Dat is ook niet raar natuurlijk. De macht van de logaritmes die ons allemaal volgen en sturen is alleen maar gegroeid in de voorbije jaren. Gedurende corona is de wereld, voor een groot deel door de social media, verder gepolariseerd. Dat is al een eind aan de gang, maar corona gaf er een serieuze duw aan. Het gevolg is dat we nog meer ten prooi vallen aan onze confirmation bias. We kunnen geen kritiek meer verdragen, we swipen die weg. Of we verwarren de kritiek van een ander met die ander zelf. En zien dus ook een heel groot deel van de werkelijkheid niet meer. We blijven comfortabel in onze eigen informatiebubbel.
Kenmerkend aan polarisering is het gebrek aan empathie. In de natuurkunde (zowel de relativiteitstheorie als in de daarmee voorlopig onverenigbare quantummechanica) speelt één begrip een reusachtige rol: het waarnemersstandpunt. Elke mens heeft per definitie één standpunt, en dus een eigen realiteit. Er bestaan dus m.a.w. 8 miljard realiteiten, ofte universa, op onze wereld. Er is in de natuurkunde ook iets raars aan de hand met de rol van de waarnemer: Je kan niks bewijzen over een systeem als je zelf in dat systeem zit, ergo: je bent in feite afhankelijk van alle andere “waarnemers” om je een enigszins vollediger beeld van de werkelijkheid te vormen. En dan nog… . Ook een belangrijk gegeven: interactie met een andere realiteit verandert op slag de eigen realiteit en de andere realiteit… Bij Einstein is dat misschien wat minder het geval (alhoewel), maar in de quantummechanica is het onontkoombaar.
(Noot: ik ben geen wetenschapper, verre van, dus als ik fouten schrijf word ik graag gecorrigeerd. Dit is een destillatie van wat ik erover weet met betrekking tot onze dagdagelijkse realiteit.)
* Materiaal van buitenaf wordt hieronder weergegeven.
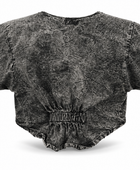 Crop Top Black Raw Hem Ruched Back Acid Wash B2B Low MOQ Manufacturer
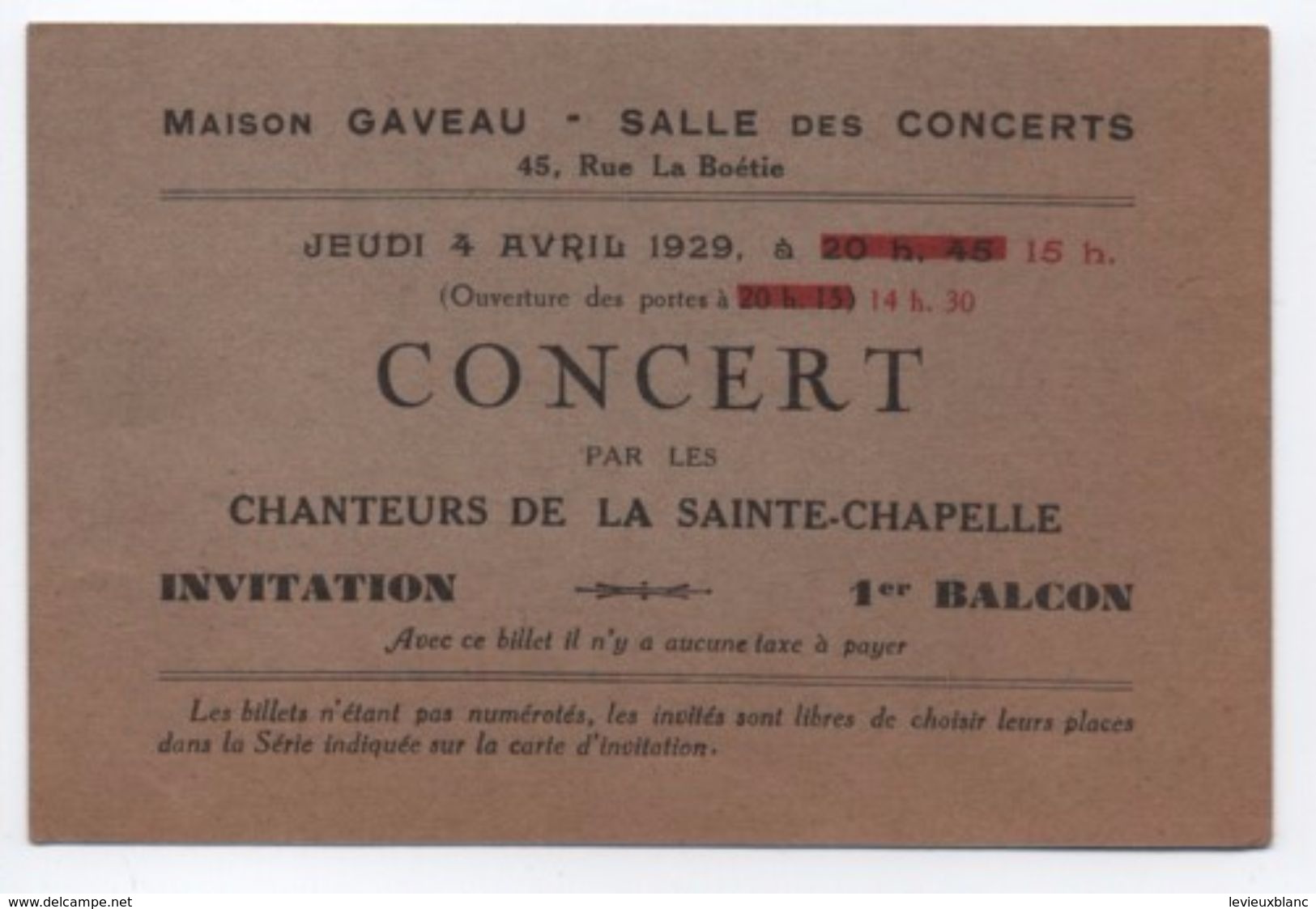 Maison Gaveau / Salle Des Concerts/ Concert Par Les Chanteurs De La Sainte Chapelle/ Invitation/ 1929  PART261 - Eintrittskarten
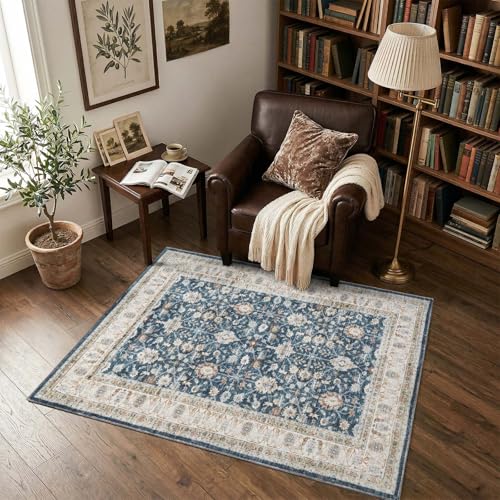 jinchan 3x5 Washable Vintage Area Rug, Distressed Traditional Floral Entryway Accent Rug, Soft Low-Pile Non-Slip Floor Mat for Indoor Foyer, Kitchen Sink Bedroom Bathroom Vanity, Blue - color: Oriental Beige on Dark Blue, size: 3' x 5' (Rectangular)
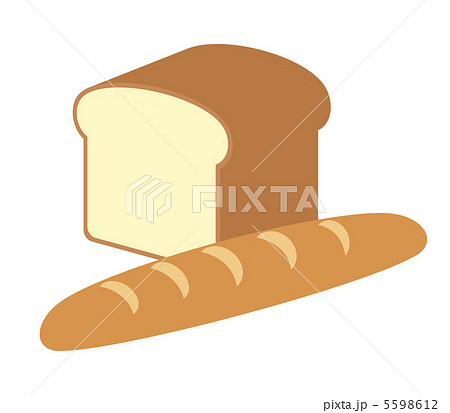 フランスパンと食パンのイラスト素材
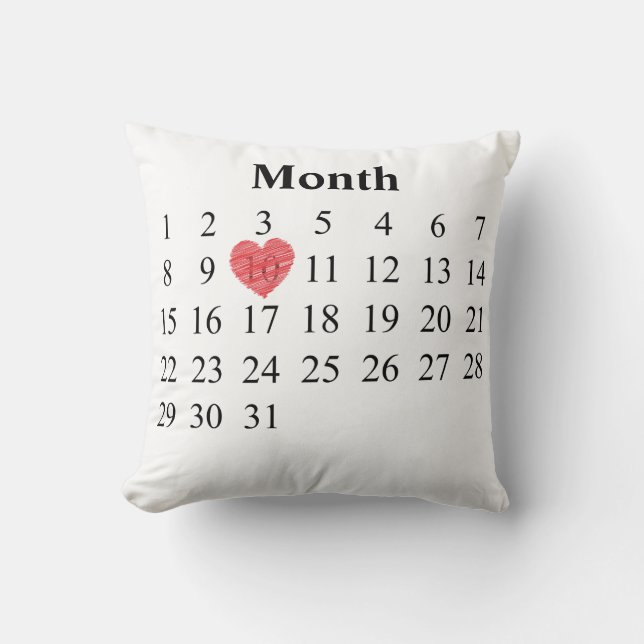 Coussin calendrier d'anniversaire de 31 jours + Anneaux (Recto)
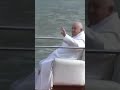 Pope Francis seen by boat on the canals of Venice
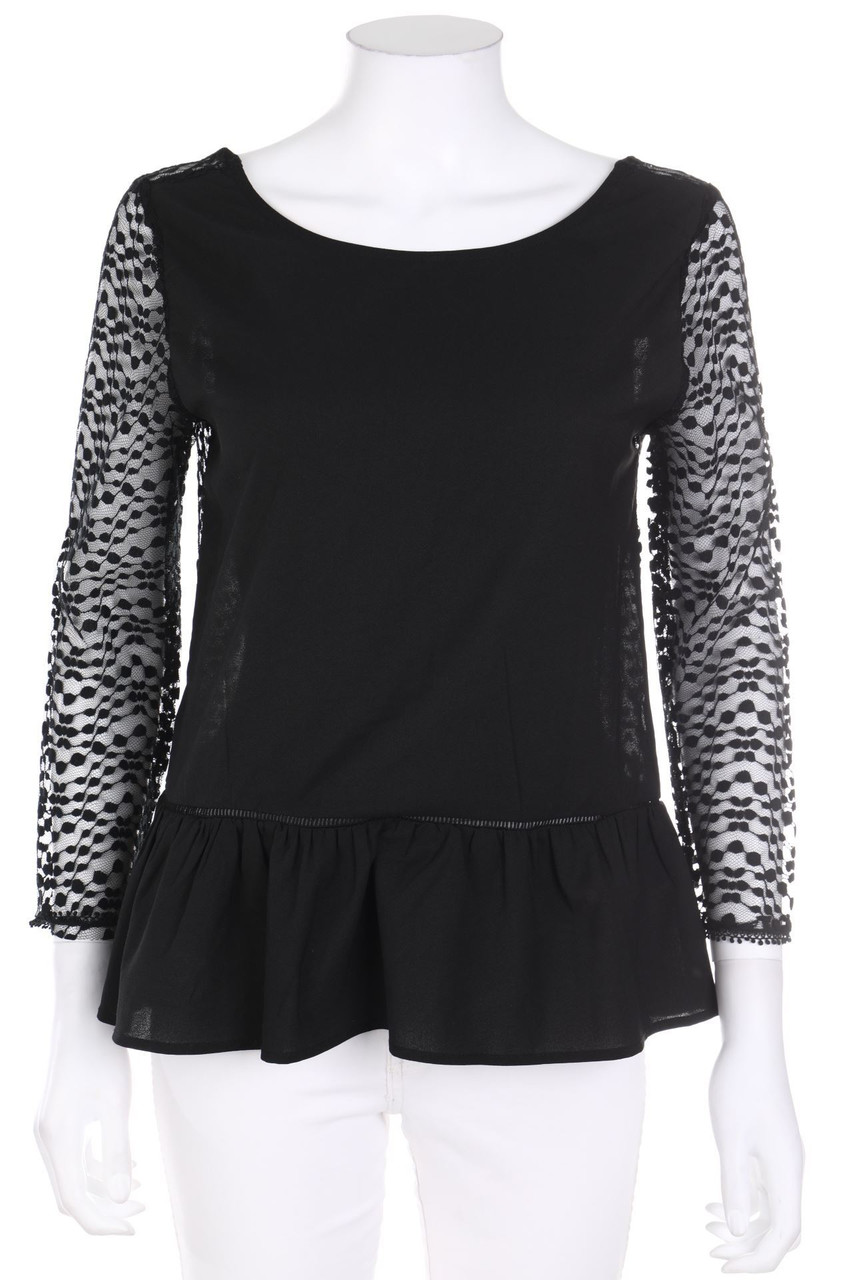 Ohne Label - Bluse mit Spitzen-Einsatz - D 40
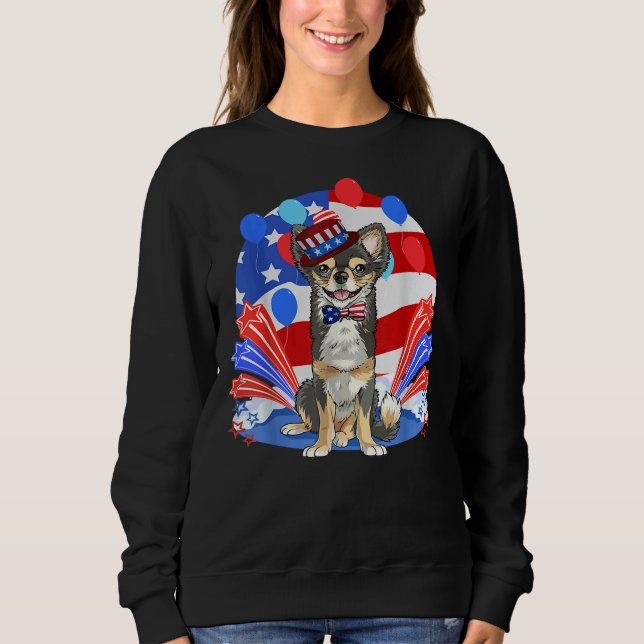 Moletom Long Haired Chihuahua 4 De Julho Bandeira American (Frente)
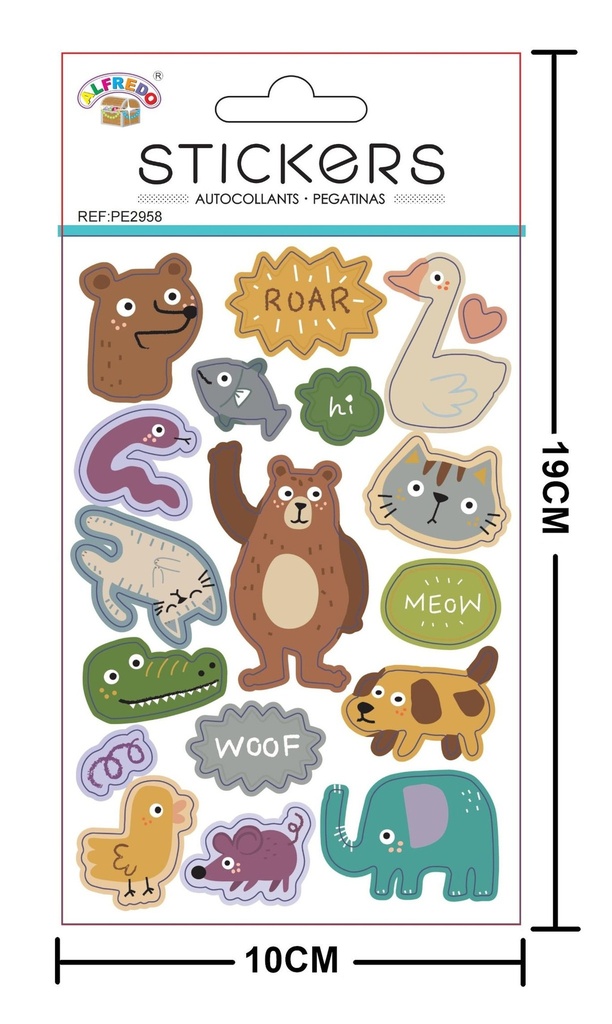 Stickers "Animales" 10x19 cm - Pegatinas decorativas temáticas
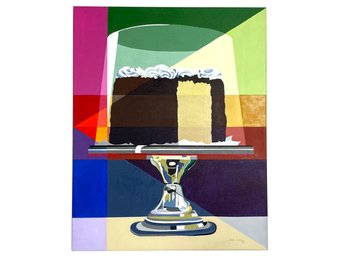 A Vintage Acrylic On Canvas, 'Cake Stand,' Joan Luby (American, 1934-2015)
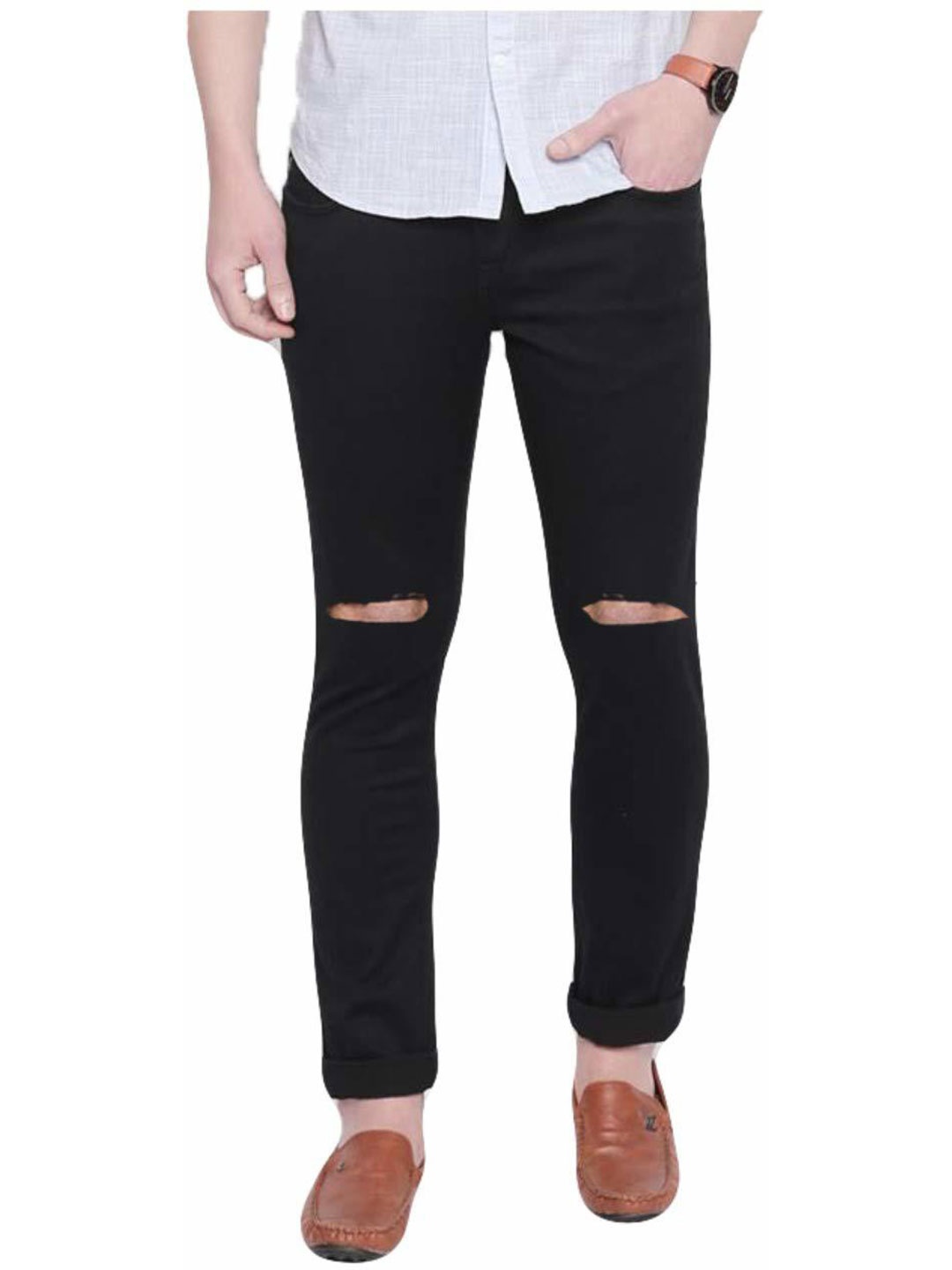 

COMFITS Men Classic Slash Knee Jeans, Black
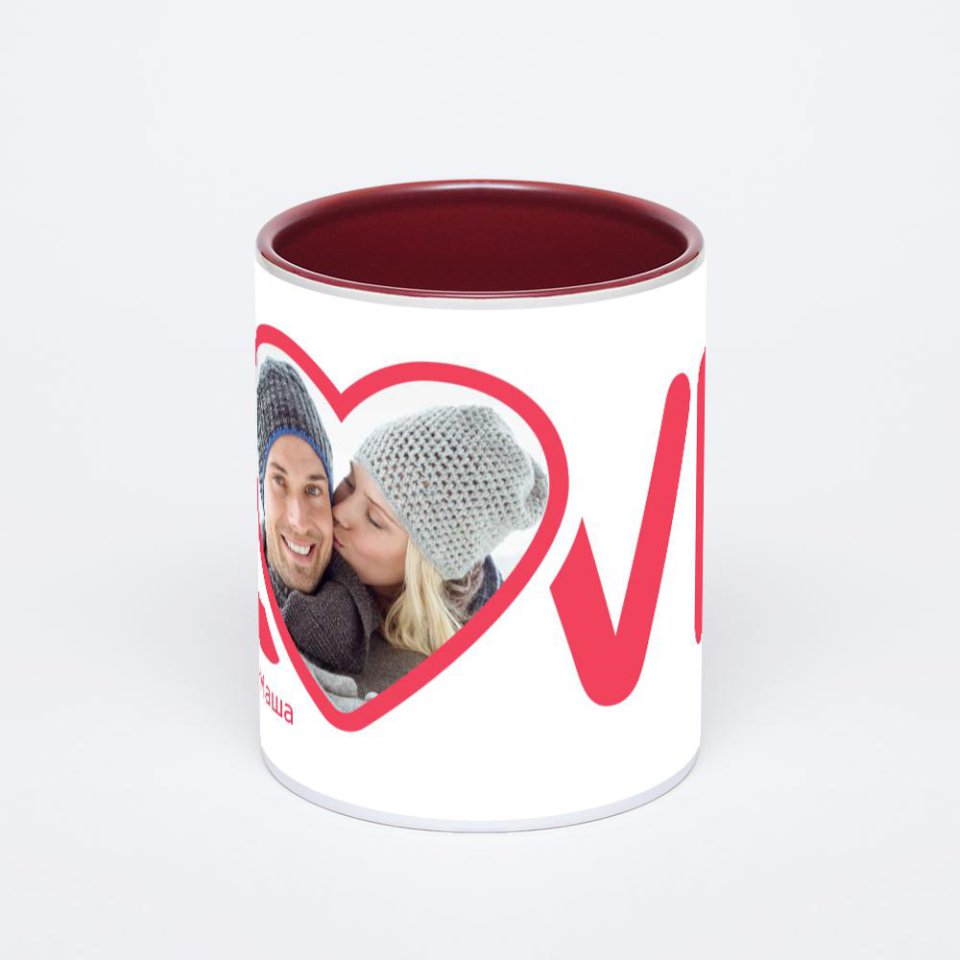Бордовая кружка с фотопечатью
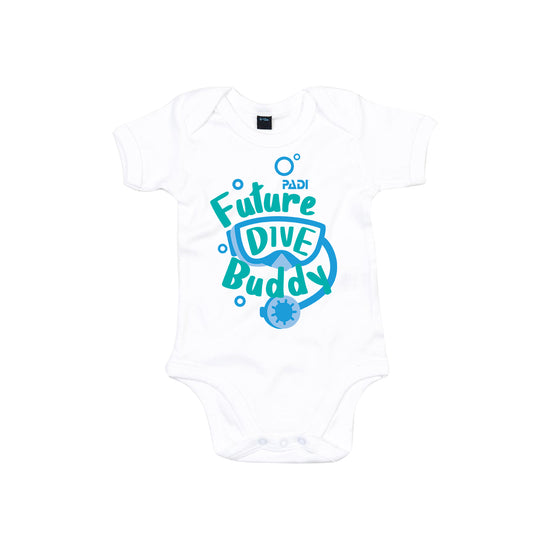 Future Dive Buddy Organic Cotton Baby Onesie / Bodysuit – White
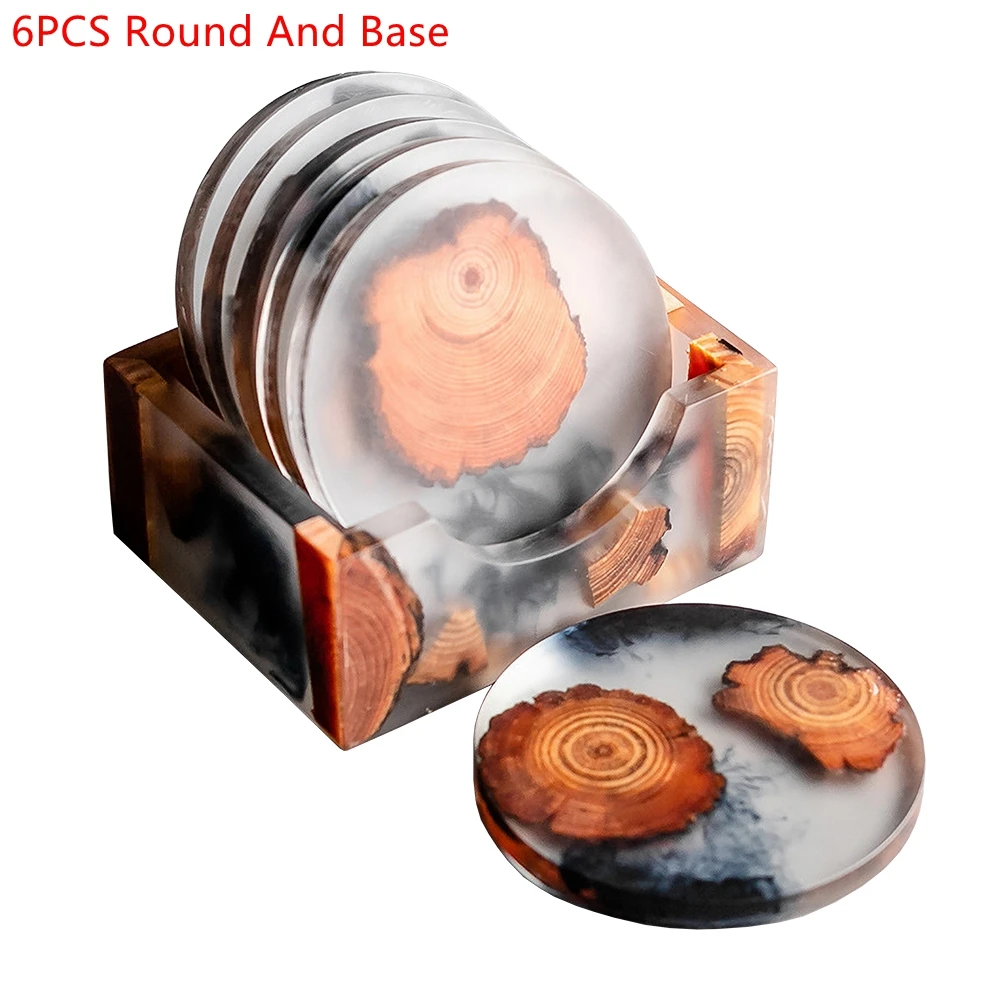 6 Buah/Set Tatakan Gelas Pinus - Resin Art Coasters ulasan dan harga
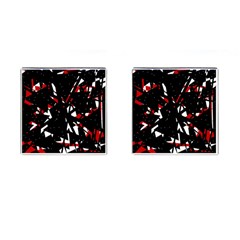 Black, Red And White Chaos Cufflinks (square)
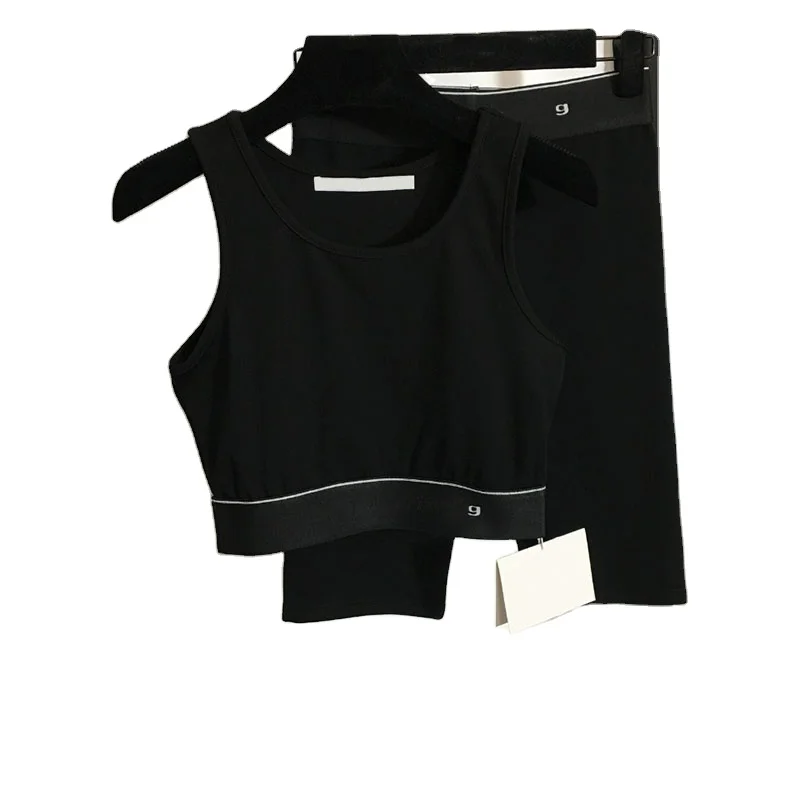

Summer Breathable High Waist Leggings for Women Sexy Outdoor Sport Tanks Letter Webbing Tracksuits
Waarom dit stukje wetenschap? Omdat het rechtstreeks met onze beleving van de wereld te maken heeft. Het bewustzijn van het feit dat er voor elke andere mens ook een andere realiteit bestaat, nl. de zijne, nààst onze eigen realiteit, stemt tot nederigheid. Het leidt ook mogelijk, en hopelijk, tot het besef dat er nog zoveel te ontdekken is wat we niet weten. Dat we beperkt zijn in onze waarneming.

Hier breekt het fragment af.